Pendant longtemps, sociologues, moralistes, psychologues, juristes ont opposé la famille normale aux familles “ déviantes ”. Difficultés affectives, instabilité psychologique, échec scolaire … ont été traditionnellement expliqués par les situations de séparation des parents. Les chercheurs sont aujourd’hui beaucoup plus prudents. Ils se sont aperçus que les mêmes faits analysés selon des grilles d’interprétation différentes concluront soit à des effets graves prolongés pour l’enfant soit à des conséquences seulement transitoires. Une séparation n’est jamais bénigne, mais ce qui importe le plus c’est la façon dont elle est gérée. Les effets de la séparation ne sont pas à ce point significatifs qu’on puisse isoler ce facteur par rapport à d’autres parfois tout aussi perturbants y compris au sein des familles unies. A l’image de cette étude réalisée au Danemark entre 1961 et 1971 sur un groupe de 500 enfants issus de 322 familles séparées. Il s’avère que si 28% d’entre eux ont effectivement été traumatisés, 28 autre % ont vu leur équilibre s’améliorer et 44% semblent n’avoir été affectés ni positivement, ni négativement. Il semble donc, que la dissociation du couple, si elle est perturbatrice pour l’enfant, n’est pas, néanmoins, parfois préférable à son maintien quand cette dernière situation s’accompagne d’une mésentente tout autant sinon plus traumatisante. On peut, à présent, très sérieusement se poser la question de savoir si l’on ne peut pas vivre aussi bien sinon mieux sans un parent inadéquat qu’avec.

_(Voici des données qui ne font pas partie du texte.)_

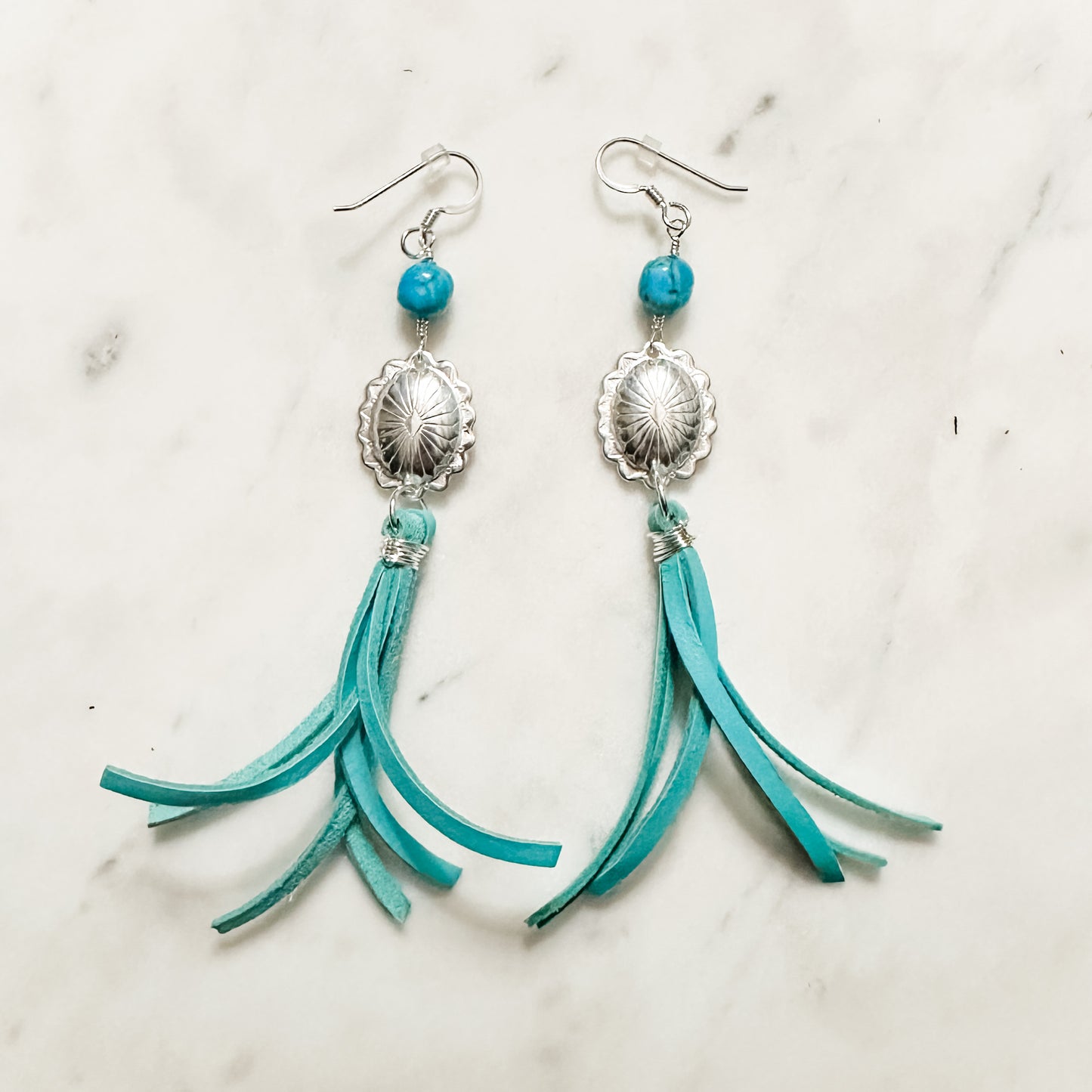Turquoise leather tassel earrings with silver accents.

Fiche n°4 : Crise de la famille : point de vue d’une sociologue
Irène Théry est l’une des sociologues de la famille les plus réputées et les plus créatives. Son travail de recherche est source de compréhension de l’histoire qui se déroule devant nos yeux. La dernière moitié du XX ème siècle, explique-t-elle, a connu une nette mutation des comportements familiaux : baisse da l fécondité et du mariage, accroissement du nombre de divorces et de familles monoparentales et recomposées. Parallèlement à cette évolution des moeurs, le droit de la famille a été notablement modifié : la famille stable, hiérarchique et autoritaire, basée sur l’inégalité des sexes et la sujétion des enfants a été mise à mort. Cette double transformation est souvent portée au crédit de trois processus conjoint que sont l’individualisation (l’intérêt de l’individu supplante l’intérêt de la communauté dans l’orientation des choix de vie), la privatisation (l’Etat intervient de moins en moins dans la vie de la famille) et la pluralisation de la famille (diversification des formes de vie familiale). Or, ce qui marque ces dernières décennies, ce sont des constats qui infirment ces hypothèses : la vivacité des rapports intergénérationnels dément l’idée d’un repli sur soi, le renforcement de l’intervention sociale publique contredit l’hypothèse d’une émergence de la sphère privée et la stabilité du modèle familial dominant démontre que la multiplicité des formes possibles ne menace en rien l’aspiration au modèle familial nucléaire. Pour comprendre les mutations qui se déroulent malgré tout, il faut se tourner vers l’inversion du processus entre couple conjugal et couple parental. Le premier est en train d’être progressivement absorbé par le second. Le lien conjugal, qui était auparavant institutionnel est devenu contractuel. Le lien de filiation qui était auparavant lié au bon vouloir des parents tend à devenir inconditionnel et indissoluble (remise en cause de l’accouchement sous x, renforcement de la place du père ...).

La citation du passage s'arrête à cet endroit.